Dataset records:
== Segment start ==
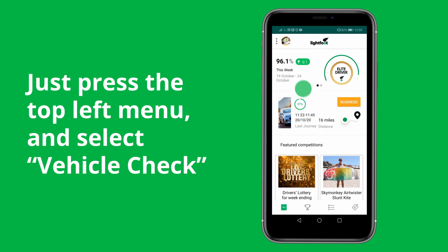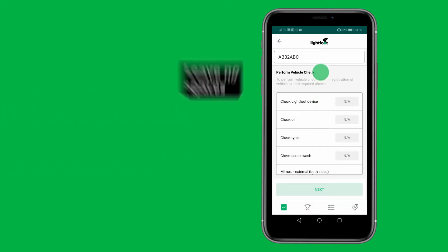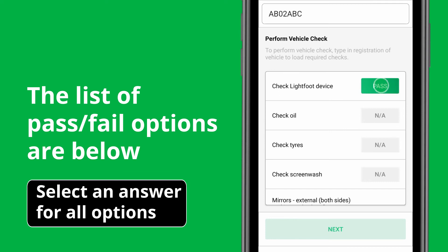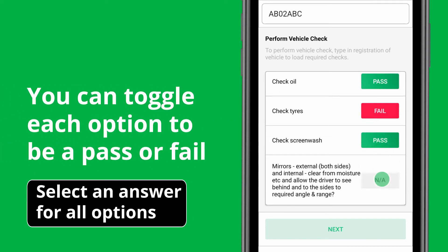To submit a vehicle check through the Lightfoot app, press the top left menu and select vehicle check. Enter the vehicle registration at the top for the vehicle you're assessing. The list of pass or fail options are listed below, and you can toggle each option to be a pass or a fail.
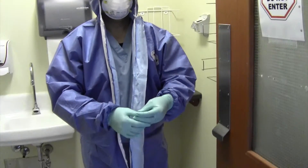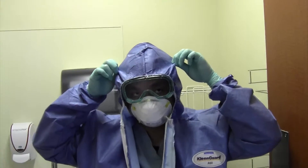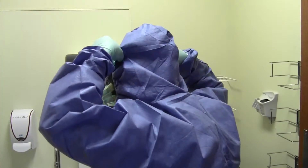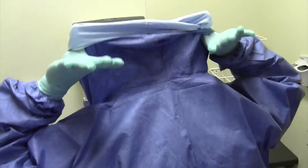Sanitize gloves with alcohol-based hand rub. Step 8: Pull back coverall hood. Avoid contaminating the back of the head with the outer surface of the hood. Do this by grasping the hood on the outside and flipping it back with your hand so the inner surface of the hood is exposed.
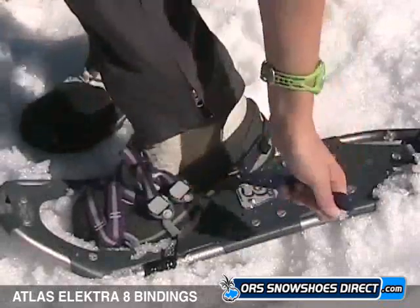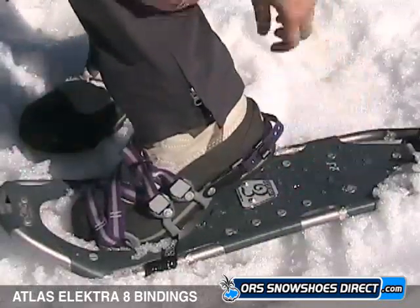Thread the heel strap through the metal opening and loop back over the prong to secure, stowing excess in the strap clips.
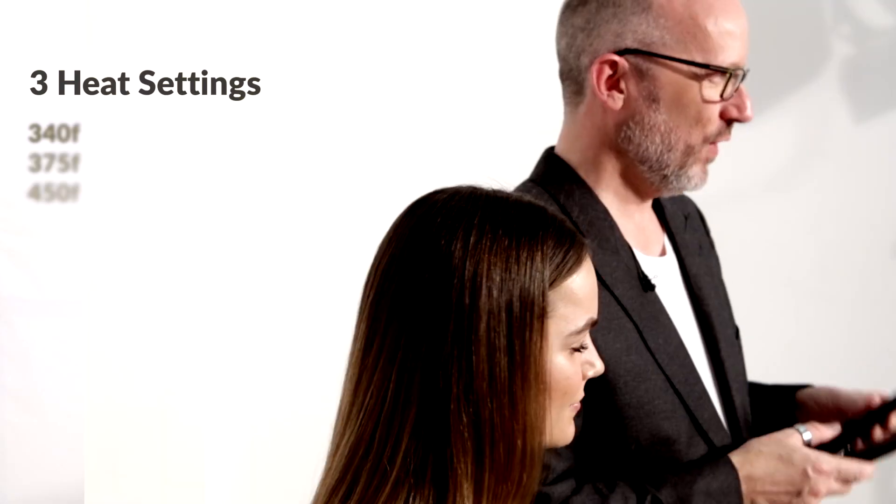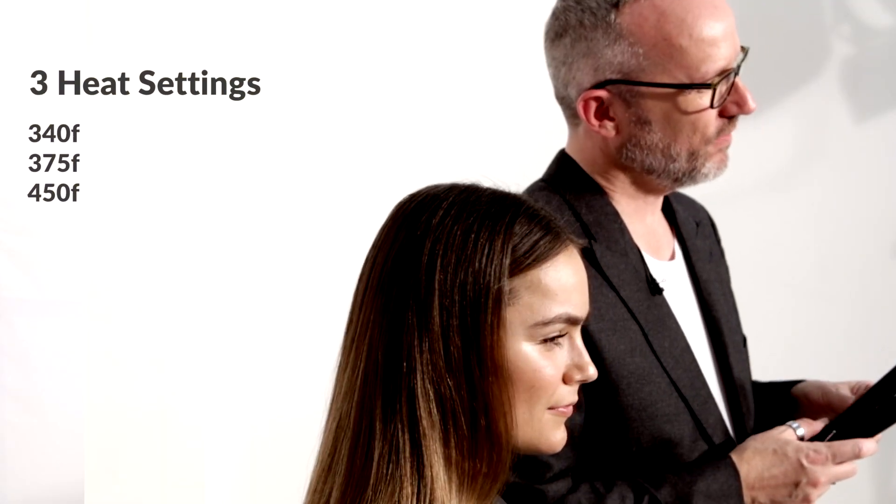Hi guys, today we're going to be talking about the Donner Plus Flatiron. The Donner Plus comes with three heat settings: 340, 375 and 450 Fahrenheit. When I'm working on finer hair, to stop putting it under any unnecessary stress, I keep the temperature a lot lower.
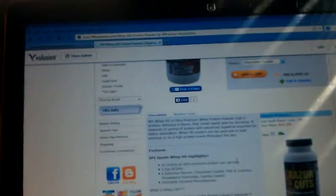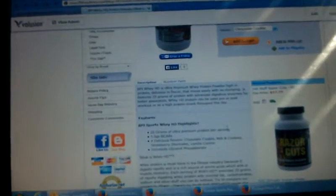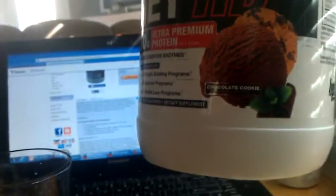They sent me this sample, which I can tell you has a lot of powder in it. The suggested use is to mix with five to six ounces of water, which I have here. Six ounces of water. Here's what the tub looks like — that's the chocolate cookie two pounder.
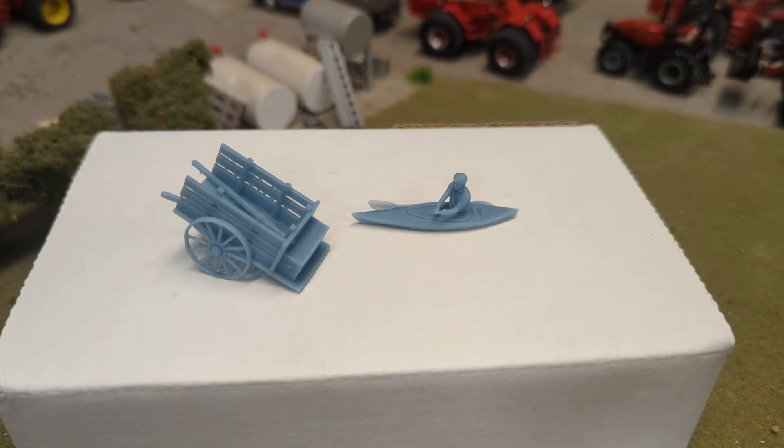Hey gang, Jason here for the love of tractors and I have an exciting couple videos coming up for you. Miniprints.ca has kind of partnered with us for a couple videos here to show you some of their incredible 3D printed detail items that they have for your farm toy display. We're going to do a couple different videos — the first will be the display items and then we're going to do a video on some of their animals. I'll do a couple videos of them in the raw 3D printed format, and then once we get them all painted up and put on the display, we'll do another set of videos on those.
== Segment end ==
• TASK ITEM:
The entries above need to be repeated in full, word for word. Skip the images.

• SOLUTION TO THIS EXERCISE:
To submit a vehicle check through the Lightfoot app, press the top left menu and select vehicle check. Enter the vehicle registration at the top for the vehicle you're assessing. The list of pass or fail options are listed below, and you can toggle each option to be a pass or a fail.
Sanitize gloves with alcohol-based hand rub. Step 8: Pull back coverall hood. Avoid contaminating the back of the head with the outer surface of the hood. Do this by grasping the hood on the outside and flipping it back with your hand so the inner surface of the hood is exposed.
Thread the heel strap through the metal opening and loop back over the prong to secure, stowing excess in the strap clips.
Hi guys, today we're going to be talking about the Donner Plus Flatiron. The Donner Plus comes with three heat settings: 340, 375 and 450 Fahrenheit. When I'm working on finer hair, to stop putting it under any unnecessary stress, I keep the temperature a lot lower.
They sent me this sample, which I can tell you has a lot of powder in it. The suggested use is to mix with five to six ounces of water, which I have here. Six ounces of water. Here's what the tub looks like — that's the chocolate cookie two pounder.
Hey gang, Jason here for the love of tractors and I have an exciting couple videos coming up for you. Miniprints.ca has kind of partnered with us for a couple videos here to show you some of their incredible 3D printed detail items that they have for your farm toy display. We're going to do a couple different videos — the first will be the display items and then we're going to do a video on some of their animals. I'll do a couple videos of them in the raw 3D printed format, and then once we get them all painted up and put on the display, we'll do another set of videos on those.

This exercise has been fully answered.